> Data extract
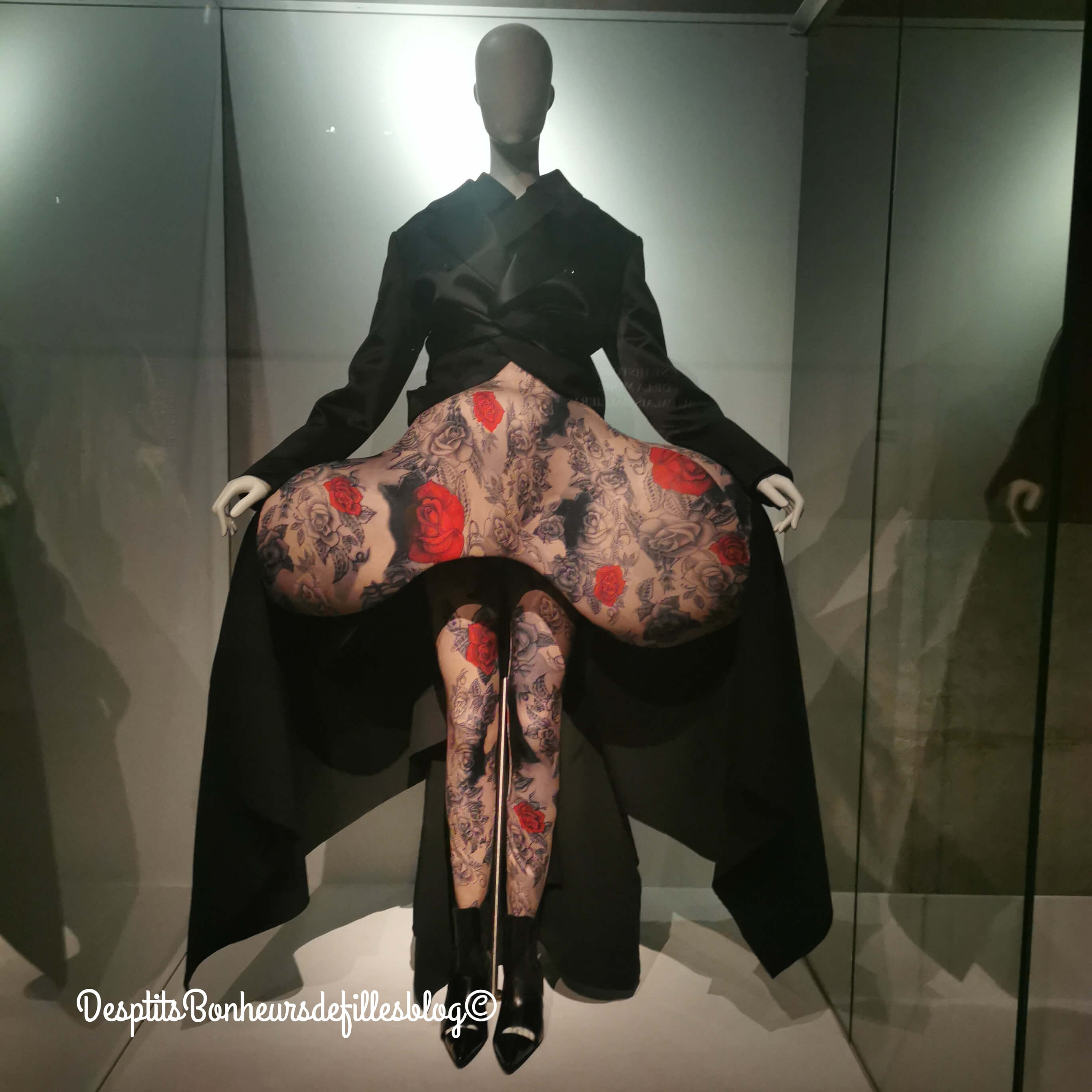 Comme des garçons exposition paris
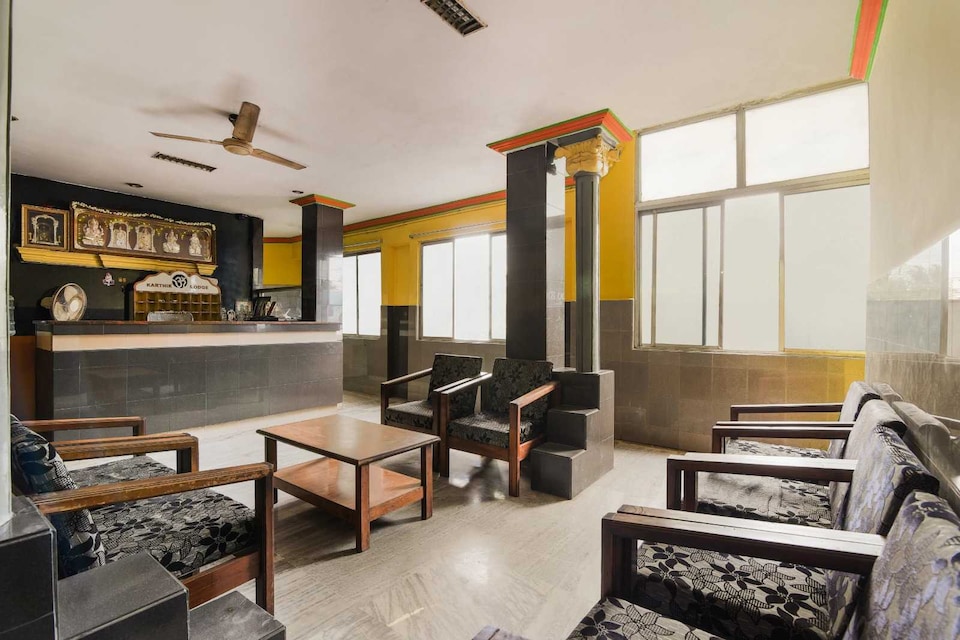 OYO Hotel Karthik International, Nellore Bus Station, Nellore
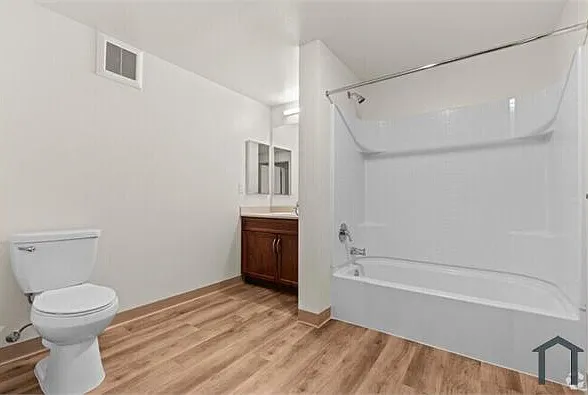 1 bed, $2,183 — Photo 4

> Work to complete
Could the material above be written out again word for word, with the pictures dropped?

> Answer to this task
 Comme des garçons exposition paris
 OYO Hotel Karthik International, Nellore Bus Station, Nellore
 1 bed, $2,183 — Photo 4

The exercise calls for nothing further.